• **Directions**
An exact copy is needed of the lines in the entries below from the line with "Load image into" up to and including the line with "Leaf, Macro, Close, Nasturtium, tropaeolum", and of nothing else. Leave the pictures out.

• **Exercise data**
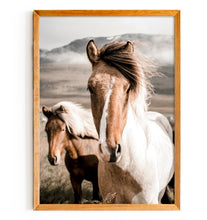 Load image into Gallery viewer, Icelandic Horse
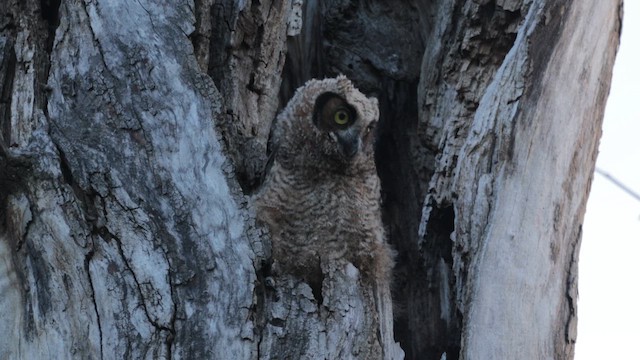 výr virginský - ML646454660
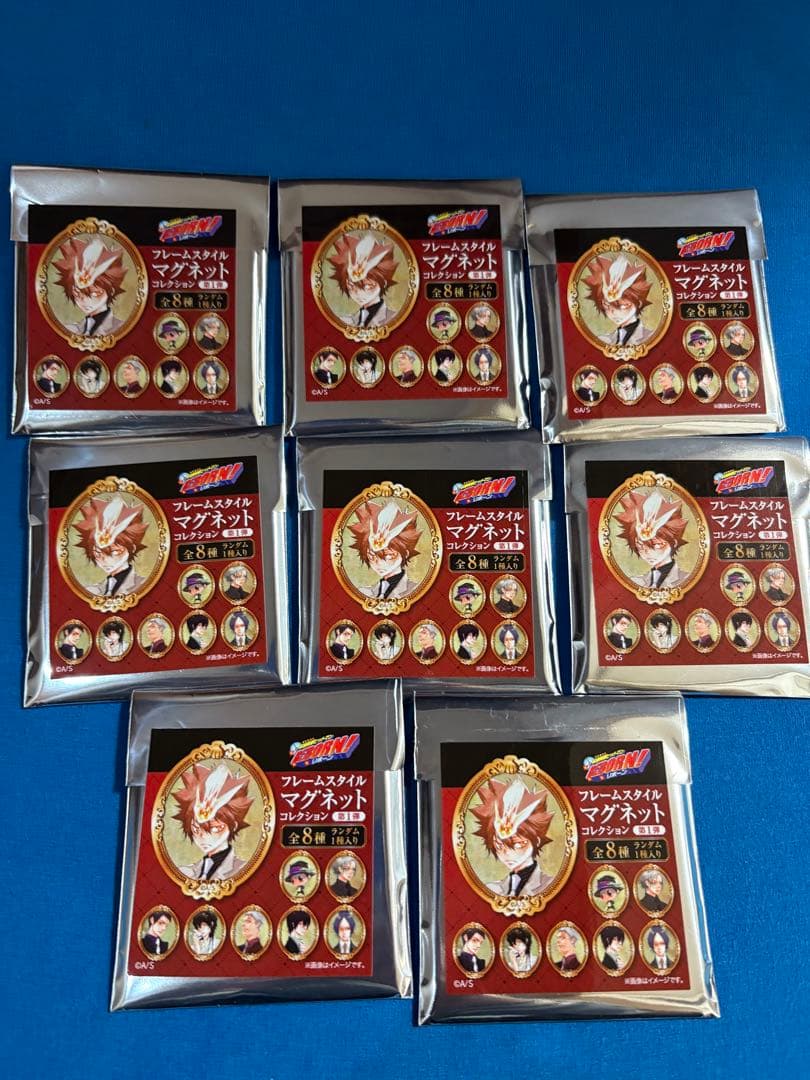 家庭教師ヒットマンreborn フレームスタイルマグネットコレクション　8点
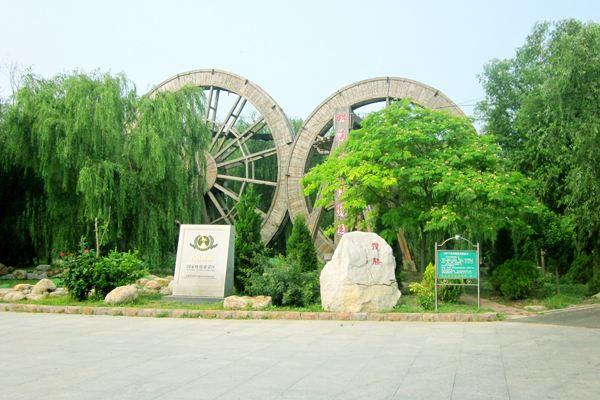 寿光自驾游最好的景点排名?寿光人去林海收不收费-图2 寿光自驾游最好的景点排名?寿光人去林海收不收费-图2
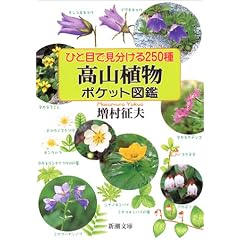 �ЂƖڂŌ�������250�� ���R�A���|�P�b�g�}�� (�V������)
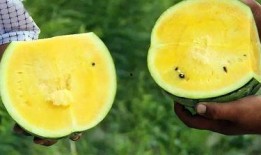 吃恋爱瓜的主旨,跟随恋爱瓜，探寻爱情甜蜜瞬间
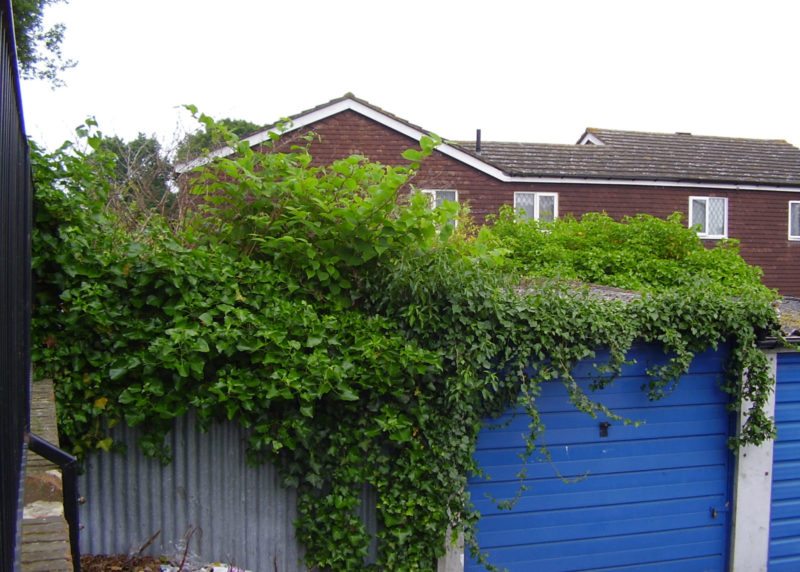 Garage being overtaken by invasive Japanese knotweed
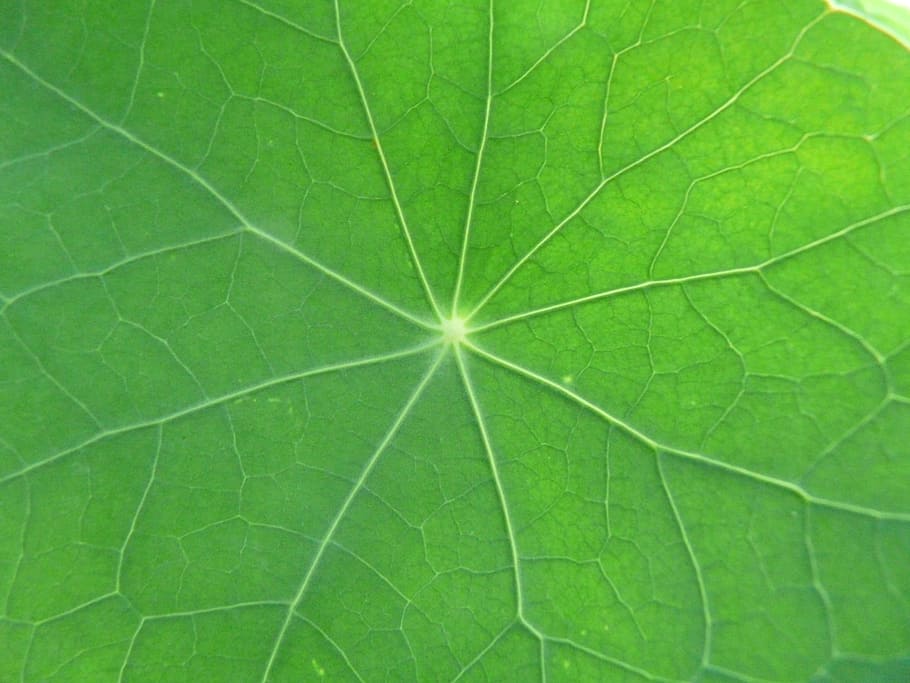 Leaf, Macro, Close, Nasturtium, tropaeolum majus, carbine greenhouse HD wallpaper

* * *

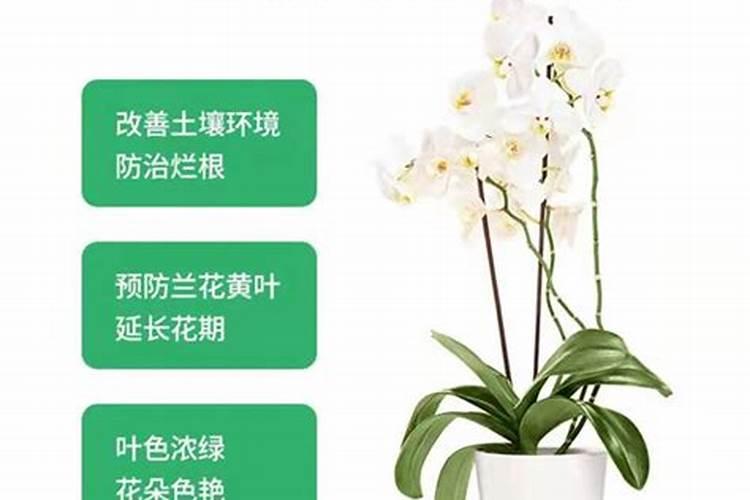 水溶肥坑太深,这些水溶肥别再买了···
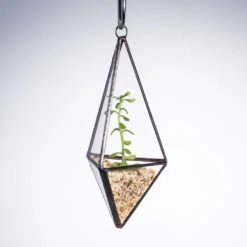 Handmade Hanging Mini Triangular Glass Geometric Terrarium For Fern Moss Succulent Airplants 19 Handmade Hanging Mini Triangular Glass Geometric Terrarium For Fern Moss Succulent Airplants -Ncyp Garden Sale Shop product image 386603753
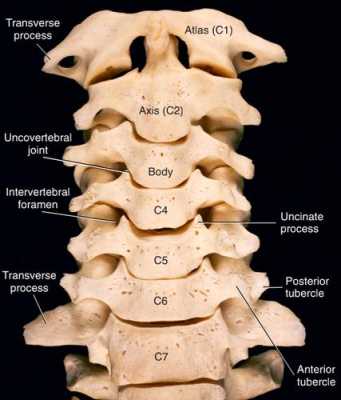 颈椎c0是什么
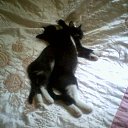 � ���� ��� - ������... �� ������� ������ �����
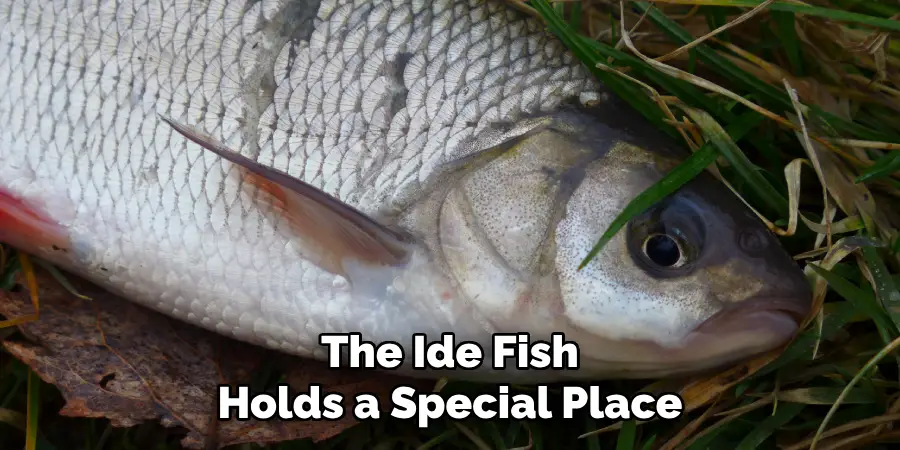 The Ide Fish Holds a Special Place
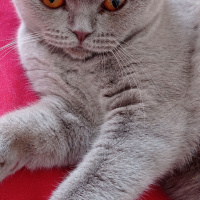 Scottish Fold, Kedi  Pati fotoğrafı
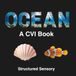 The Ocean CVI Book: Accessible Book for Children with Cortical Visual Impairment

• **Solved exercise**
 Load image into Gallery viewer, Icelandic Horse
 výr virginský - ML646454660
 家庭教師ヒットマンreborn フレームスタイルマグネットコレクション　8点
 寿光自驾游最好的景点排名?寿光人去林海收不收费-图2 寿光自驾游最好的景点排名?寿光人去林海收不收费-图2
 �ЂƖڂŌ�������250�� ���R�A���|�P�b�g�}�� (�V������)
 吃恋爱瓜的主旨,跟随恋爱瓜，探寻爱情甜蜜瞬间
 Garage being overtaken by invasive Japanese knotweed
 Leaf, Macro, Close, Nasturtium, tropaeolum majus, carbine greenhouse HD wallpaper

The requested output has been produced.